Il est alors encore marqué par le paternalisme dont le Congo belge est empreint et se reconnait dans les idées du parti libéral belge. Mais sa prise de conscience est rapide : en 1958, il professe des opinions clairement anticolonialistes et il fonde à Léopoldville (aujourd’hui Kinshasa) le Mouvement national congolais, un parti nationaliste, unitaire et radical. Quelques semaines plus tard, Il assiste à la Conférence des peuples africains, où il croise notamment Frantz Fanon, alors rallié au FLN algérien, et le Ghanéen Kwamé Nkrumah – des rencontres qui marqueront un tournant essentiel dans sa pensée politique.

Désormais résolument favorable à l’indépendance, il sera arrêté par les autorités belges au début de 1960. Son arrestation, et le front uni des leaders congolais face au pouvoir de Bruxelles, précipiteront la marche vers l’indépendance, fixée au 30 juin.
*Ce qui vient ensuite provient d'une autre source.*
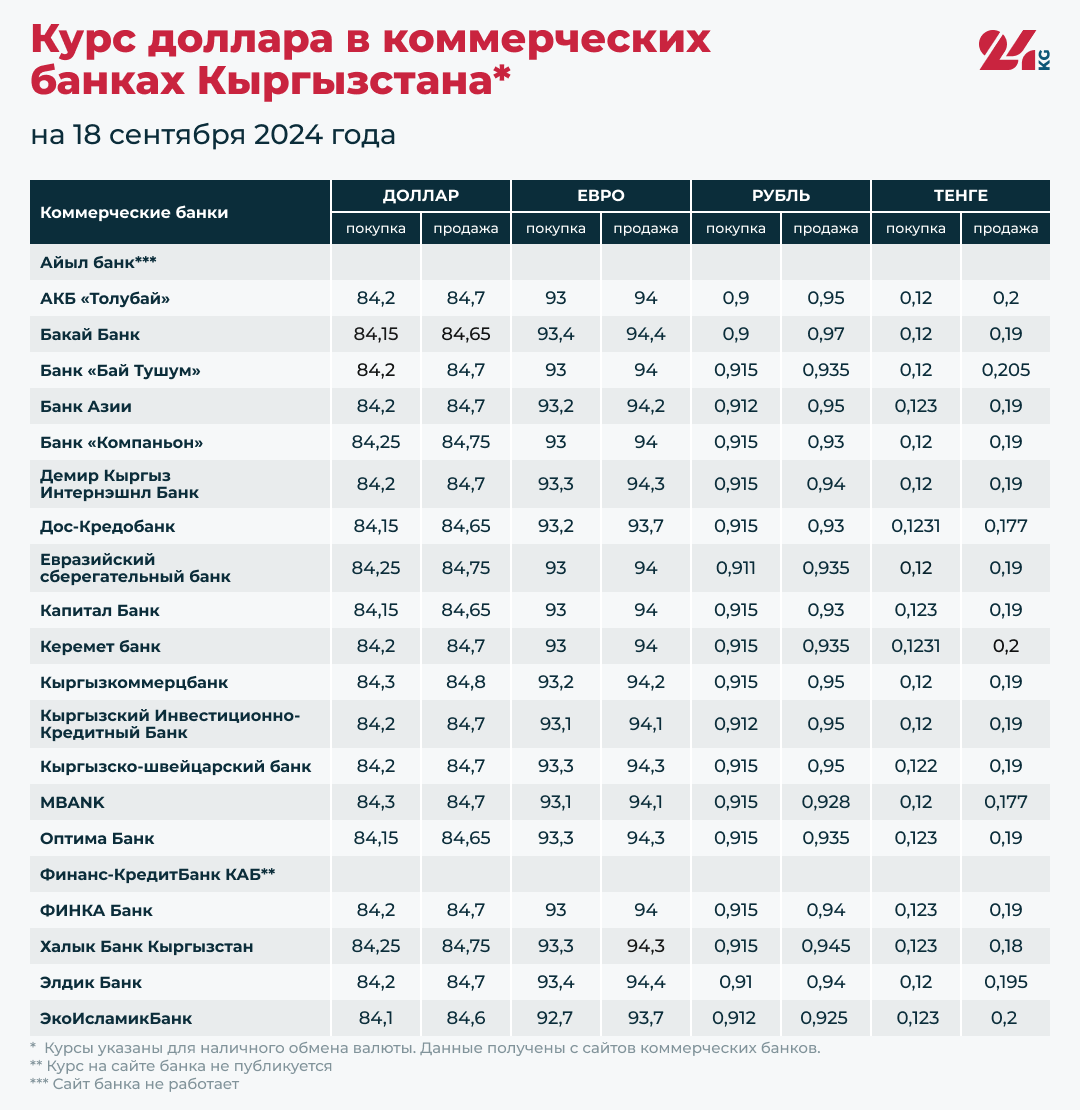Курс доллара в коммерческих банках Кыргызстана на 18 сентября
Libéré, il remporte avec son parti les premières élections libres du pays et est nommé Premier ministre. Le jour de l’indépendance, il répond avec force au roi Baudoin de Belgique qui venait de saluer l’œuvre colonisatrice de son ancêtre, Léopold II.

Humilié et inquiet de le voir se rapprocher du Bloc de l’Est, le gouvernement belge fomente une rébellion dans la riche région du Katanga, contre les aspirations unitaires de Lumumba. En septembre 1960, le gouvernement Lumumba est renversé par un coup d’Etat mené par Joseph-Désiré Mobutu avec le soutien de la CIA. Lumumba est assigné à résidence. Après s’être enfui, il est rattrapé, puis livré avec la complicité des autorités belges aux rebelles du Katanga qui l’assassineront avec 2 de ses compagnons, à l’âge de 35 ans.

Le 17 janvier 1961, il y a 60 ans, Patrice Lumumba, leader de l’indépendance congolaise et premier Premier ministre congolais élu démocratiquement est assassiné. Une mort tragique qui est le fruit d’une déstabilisation orchestrée par plusieurs acteurs : les autorités belges, congolaises et états-uniennes via la CIA.

 

Son corps sera découpé puis dissout dans de l’acide sulfurique. Dans les années 2000, un policier belge avouera avoir participé à l’opération et avoir conservé une dent du leader indépendantiste, dont la justice belge ordonnera en 2020 la restitution aux enfants de Lumumba. 60 ans après, Patrice Lumumba va enfin pouvoir recevoir une sépulture officielle dans son pays.

 

Martyr de l’indépendance congolaise, Patrice Lumumba est devenu très vite après sa mort une icône internationale de la décolonisation. En 1962, l’URSS baptise de son nom l’université de l’amitié des peuples ; le jour de sa mort le 17 janvier est journée fériée en république démocratique du Congo ; et sa destinée fulgurante et tragique a inspirée plus d’un créateur – Aimé Césaire lui consacre une pièce de théâtre Une saison au Congo, le cinéaste Raoul Peck deux films, et le dramaturge Wole Soyinka le joue sur scène, et de nombreux musiciens lui dédient des chansons, comme Tiken Jah Fakoli, Myriam Makeba, Nas ou Gims.